Dáil debates

Tuesday, 13 December 2005

Chief Executive of Centre for Public Inquiry: Statement by Minister.

 

5:00 pm

Photo of Joe CostelloJoe Costello (Dublin Central, Labour)

The title of this debate is ill chosen. It should reflect the fact that the Minister for Justice, Equality and Law Reform has questions to answer as well. The Minister is also in the dock but that is not reflected in the title of the debate.
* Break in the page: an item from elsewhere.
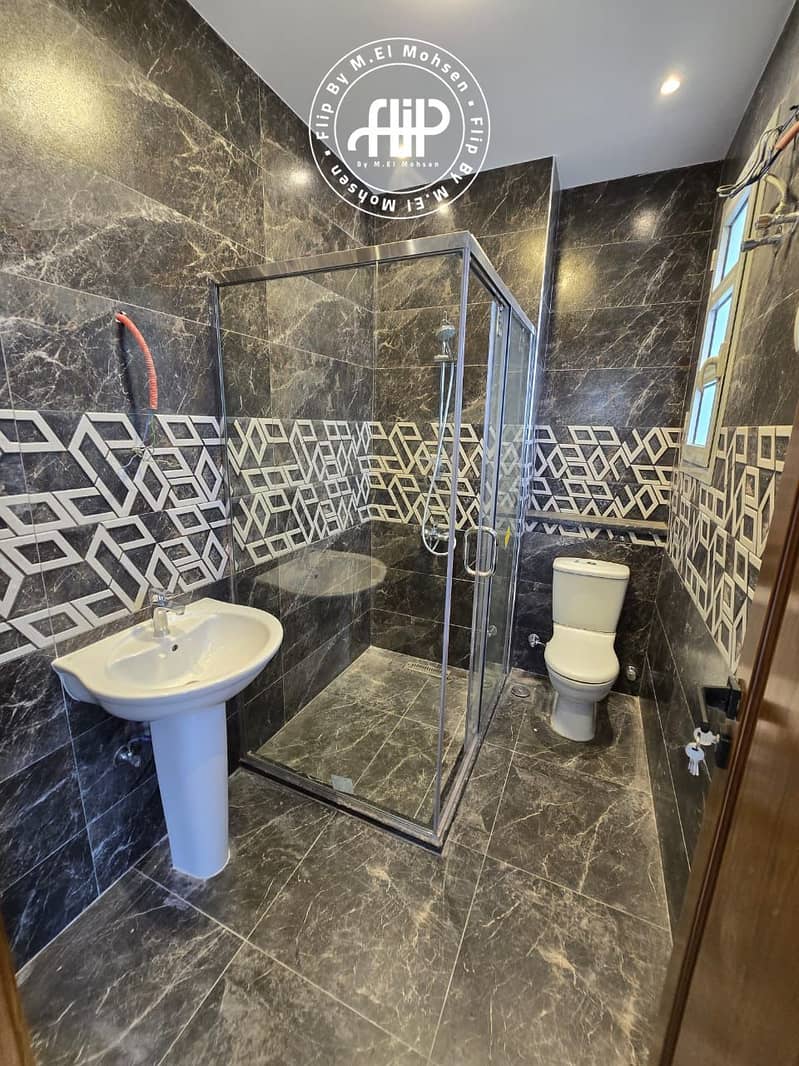 37 IMG-20250629-WA0325. jpg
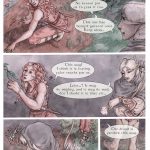 Root-and-Branch-Page-320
The Minister shocked the nation with his candid admission on RTE radio yesterday that he deliberately supplied documents concerning an ongoing Garda investigation into a forged passport to his favoured Irish Independent journalist. At the time of the leaking of the documents to only one journalist, the Minister made no statement of his intent or purpose. It was a total secret and nobody knew anything about it. In the Dáil last week, however, when he answered a question, he deliberately departed from the thrust of the question to provide confidential information about a former journalist, Frank Connolly, the director of the Centre for Public Inquiry.

On the RTE programme yesterday, under pressure, the Minister explained his eccentric behaviour by invoking national security for his actions. That is not what the Taoiseach said earlier — he was concerned about the integrity of a passport. The Minister said he was concerned about the integrity of national security.
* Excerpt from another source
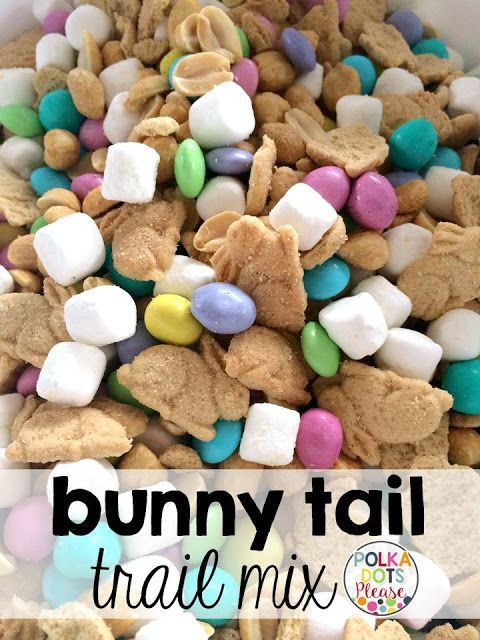 Kindergarten Easter Party Ideas
 530 best Easter Ideas for Kids images on Pinterest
His actions and statements are absolutely unprecedented. He has moved into uncharted territory where no Cabinet Minister has ever dared to venture before. He has determined that he, as Minister for Justice, Equality and Law Reform, can look into his own heart and decide what constitutes a threat to national security. He can then put confidential material into the public domain by whatever mechanism he chooses. After that, the Minister can become DPP, judge, jury and executioner of the persons identified on the file. The Minister believes that he can bypass Article 38 of the Constitution, which requires due process in the investigation and prosecution of an offence. The Minister has not stated whether he has supplied any other documents from Garda files or from the Department of Foreign Affairs to the same journalist or to others. Perhaps he will tell us that in his replies. Did he act in the interests of national security or did he simply leak the information? Neither has the Minister stated whether he intends to supply documents in future to selected journalists in the interests of national security or otherwise.
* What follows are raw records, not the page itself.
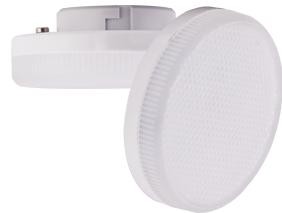 ECOLA T5MW60ELC GX53/6W/2800K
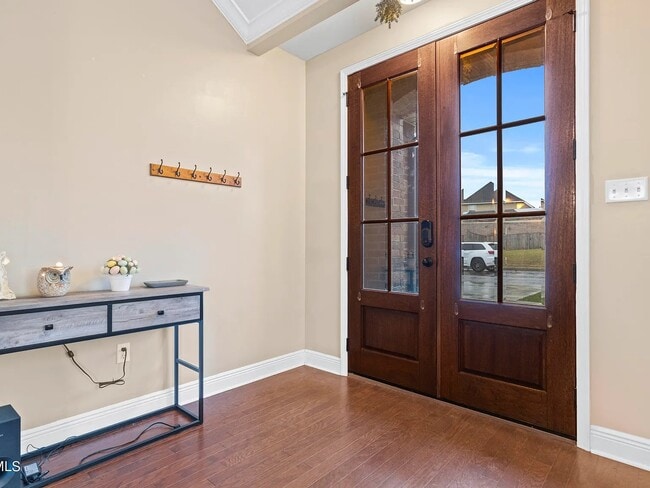 Photo - 17179 Palm Ridge Dr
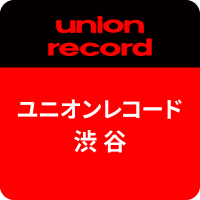 ユニオンレコード渋谷(渋谷PARCO)
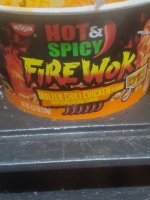 20250809_184349.jpg 20250809_184349.jpg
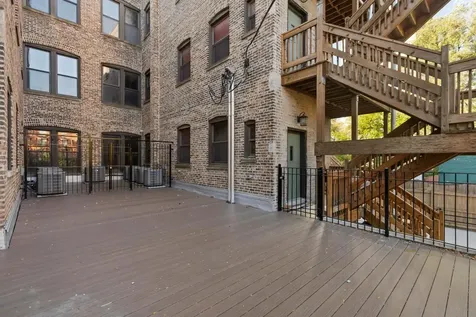 444 East 48th Street Chicago IL 60615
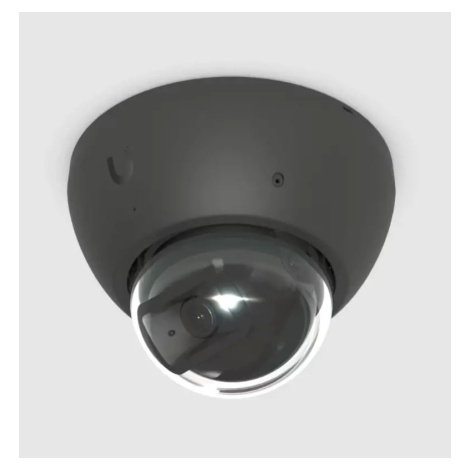 Ubiquiti UVC-AI-Dome-B - UniFi Protect AI Dome black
It is ironic that this comes from a Minister who recently raged so strongly against gardaí leaking confidential information to the media on ongoing Garda investigations and who, in the Garda Síochána Act 2005, imposed the heavy penalty of five years' imprisonment or a fine of €50,000 on any garda found guilty of such an offence. He introduced an amendment to the same Bill arrogating to himself the legal right to access all Garda files at his whim. Now he has apparently begun not just to access files but selectively to release information from them, concerning not only the forged passport but the information relating thereto, to selected journalists. At the time, the Labour Party totally opposed the amendment, knowing that it would be wide open to abuse. We certainly did not expect to be proven right so quickly.

Given the events, would it not be preferable for the Minister to lay before the Houses of the Oireachtas the entirety of the Garda file on Frank Connolly and his alleged trip to Colombia rather than having them filtered through the editorial processes of the Irish Independent? Perhaps the people might then be able to make up their own minds on these issues. While he is at it, would he not also lay before the Houses the Garda files on all Deputies suspected of close connections with the provisional movement, including one Member who he has already alleged is a member of the IRA army council? If the security of the State is so much at risk, would it not be better to brief the Oireachtas and all the journalists of the country now?

It is not desirable in principle or in practice that any officer of the State should have untrammelled and unreviewable powers of access to secret files and of dissemination of related information, either on or off the record, circumventing the judicial or any other adjudicative process, in the absence of redress for those whose rights are adversely affected. Might the hostility shown to this individual, which seems to justify the breaking of all precedent and the making of new assertions of constitutional Executive prerogative, have anything to do with the institution for which Frank Connolly works, the Centre for Public Inquiry? Does the Minister agree with the Tánaiste's outrageous statement on the matter to the effect that the establishment of such a watchdog body is "absolutely sinister and inappropriate"? If so, will he outline the next individuals or institutions against which the Government is preparing to take action?

Can the Minister really expect that a loyal Sancho Panza in the Irish Independent, heroic though he may be and mighty with his pen, will demolish all the giants and ugly windmills that Don Quixote, the Minister, perceives to threaten the national security landscape of this little island?